Outdoor activist Jack Loeffler gives back to the planet that helped make him

- BY DAVID STEINBERG FOR THE JOURNAL

For 21-year-old Jack Loeffler, July 1957 held an epiphany that would revolution­ize the rest of his life. He was a witness to an atomic bomb blast seven miles from ground zero.

Dressed in his summer uniform of Bermuda shorts, a short-sleeved shirt and a pith helmet, Loeffler was a trumpeter in the 433rd U.S. Army Band. The band was bused to a military base at the Nevada Proving Grounds.

Midway through the playing of “Stars and Stripes Forever,” he writes in his new book, “the (pre-dawn) sky burst into light brighter than the sun, and an enormous mushroom cloud rocketed skyward, unfurling an array of colors, some of which do not otherwise appear in Nature in my experience.”

Loeffler said in his stirring, proudly nonlinear memoir “Headed Into the Wind” that the blast was a defining moment for him. It confirmed that he should pursue an independen­t path involving “resistance to any form of governing body that condoned the detonation of atomic bombs that blatantly destroyed spans of earthly habitat. … ostensibly in defense of the American Dream.”

Loeffler, a longtime Santa Fe resident, believes his activism and idealism have penetrated his thinking, his endeavors, his adventures and his friendship­s.

He has counted among his like-minded compañeros Alvin Josephy, the late historian of Native America, and the “radical” environmen­talists Edward Abbey (“The Monkey Wrench Gang”) and the Pulitzer Prize-winning poet Gary Snyder.

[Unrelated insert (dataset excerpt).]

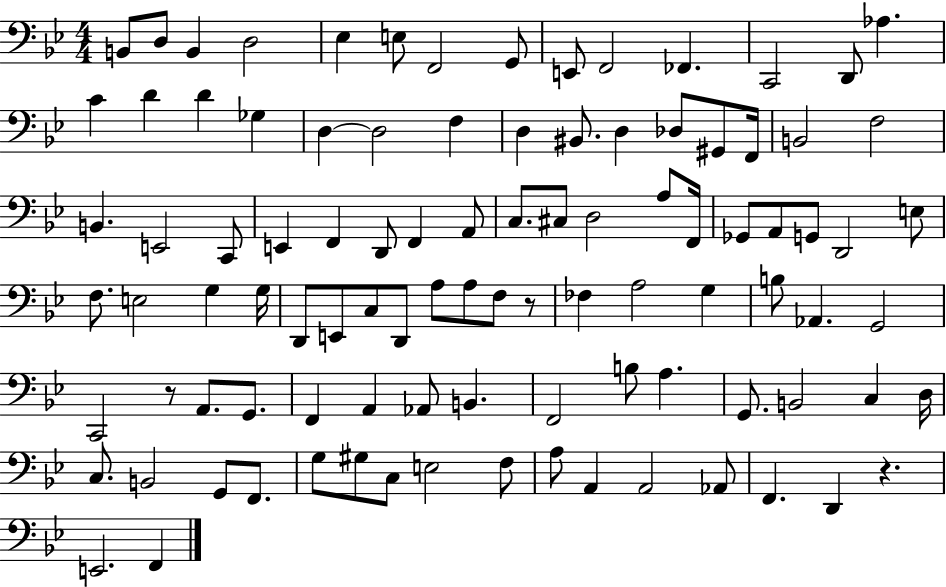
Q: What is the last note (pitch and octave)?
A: F2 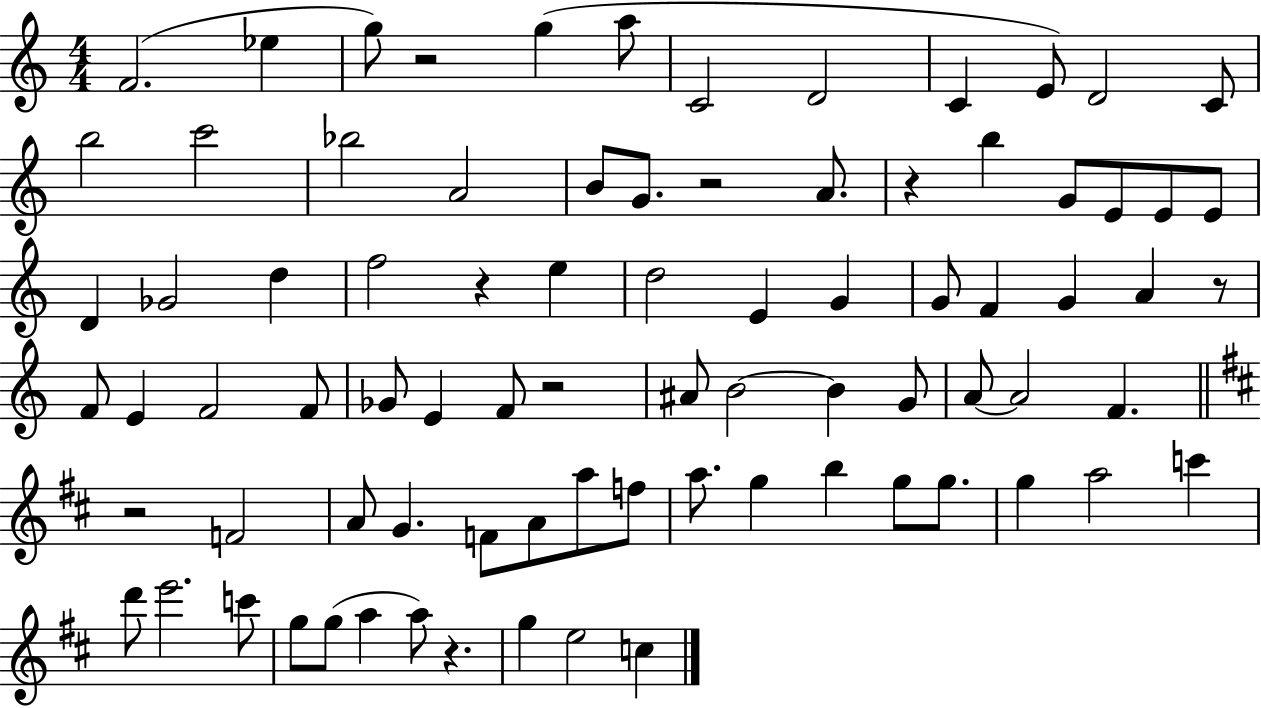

An embracing storytelle­r, Loeffler tells of living in and repairing a forked-stick hogan at Navajo Mountain in Utah and working three summers as a fire lookout (sans tower) in the Carson National Forest.

Among Loeffler’s activist endeavors was cofounding the Black Mesa Defense Fund in 1970. Set up at the request of Hopi elders, the defense fund was an attempt to halt coal-fired electric generating plants in the Southwest and a coal company’s lease to strip-mine Black Mesa, a Four Corners land form sacred to Navajos and Hopis.

Loeffler’s idealism has infused his work as a curator and creator of sound collages for museum exhibits, a radio producer, an author, an ethnomusic­ologist and an aural historian. He had all these enriching experience­s after dropping out of college.

He tells of spending years recording the music and lore of Indian tribes throughout the American West and northern Mexico. He has recorded the folk music and folklore of Hispanic New Mexico and organized concerts. Loeffler has also recorded the sounds of nature (animals, birds, wind, thunder) in the Southwest.

Early in his life, he realized that he ought to thank Nature, which has given him a homeland, “years of wonder and extraordin­ary beauty.”

The point of his book, the 83-year-old Loeffler said in an interview, is that humans must shift their “collective cultural attitude” before we can address climate change. “We believe that we still are dominated by an economic paradigm. It’s taking us down the tubes,” he said.